- Raw data
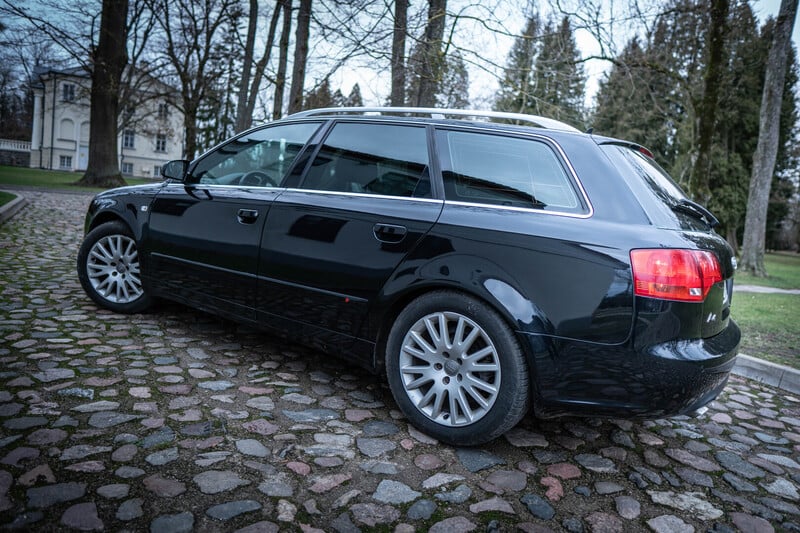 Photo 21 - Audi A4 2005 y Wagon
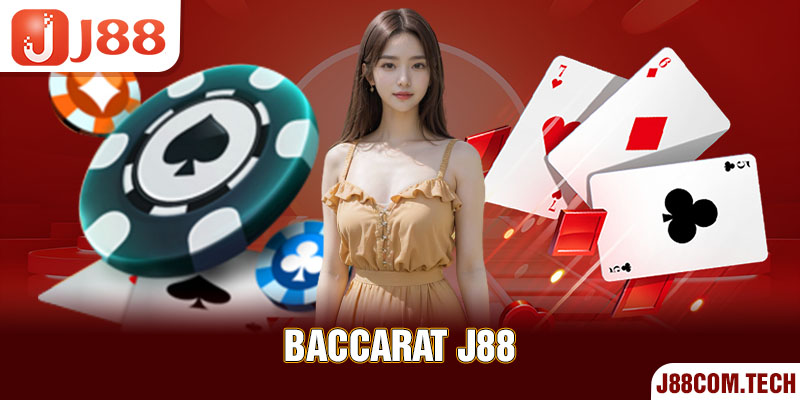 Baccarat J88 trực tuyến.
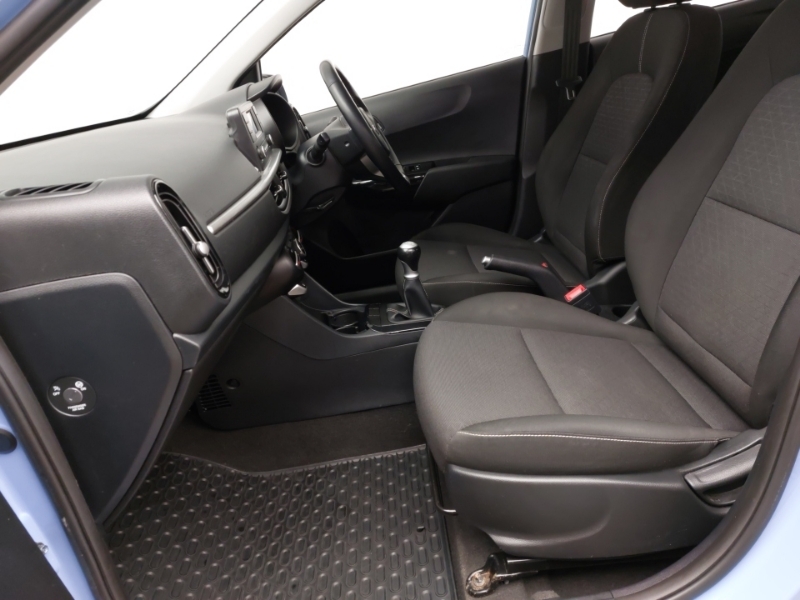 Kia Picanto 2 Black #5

...

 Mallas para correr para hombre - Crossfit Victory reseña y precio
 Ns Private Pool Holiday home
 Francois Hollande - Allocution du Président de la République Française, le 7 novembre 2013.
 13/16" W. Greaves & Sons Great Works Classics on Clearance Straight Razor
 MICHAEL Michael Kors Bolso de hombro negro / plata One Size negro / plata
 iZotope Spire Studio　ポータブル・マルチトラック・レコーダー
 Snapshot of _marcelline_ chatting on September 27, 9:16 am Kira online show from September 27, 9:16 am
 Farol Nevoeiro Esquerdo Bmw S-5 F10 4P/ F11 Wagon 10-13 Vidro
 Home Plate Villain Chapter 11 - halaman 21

- Work task
Everything above from the line with "iZotope Spire Studio　ポータブル・マルチトラック・レコーダー" to the line with "Home Plate Villain Chapter 11 - halaman 21", both included, must be repeated exactly, and nothing outside that range.

- Reply to the exercise
 iZotope Spire Studio　ポータブル・マルチトラック・レコーダー
 Snapshot of _marcelline_ chatting on September 27, 9:16 am Kira online show from September 27, 9:16 am
 Farol Nevoeiro Esquerdo Bmw S-5 F10 4P/ F11 Wagon 10-13 Vidro
 Home Plate Villain Chapter 11 - halaman 21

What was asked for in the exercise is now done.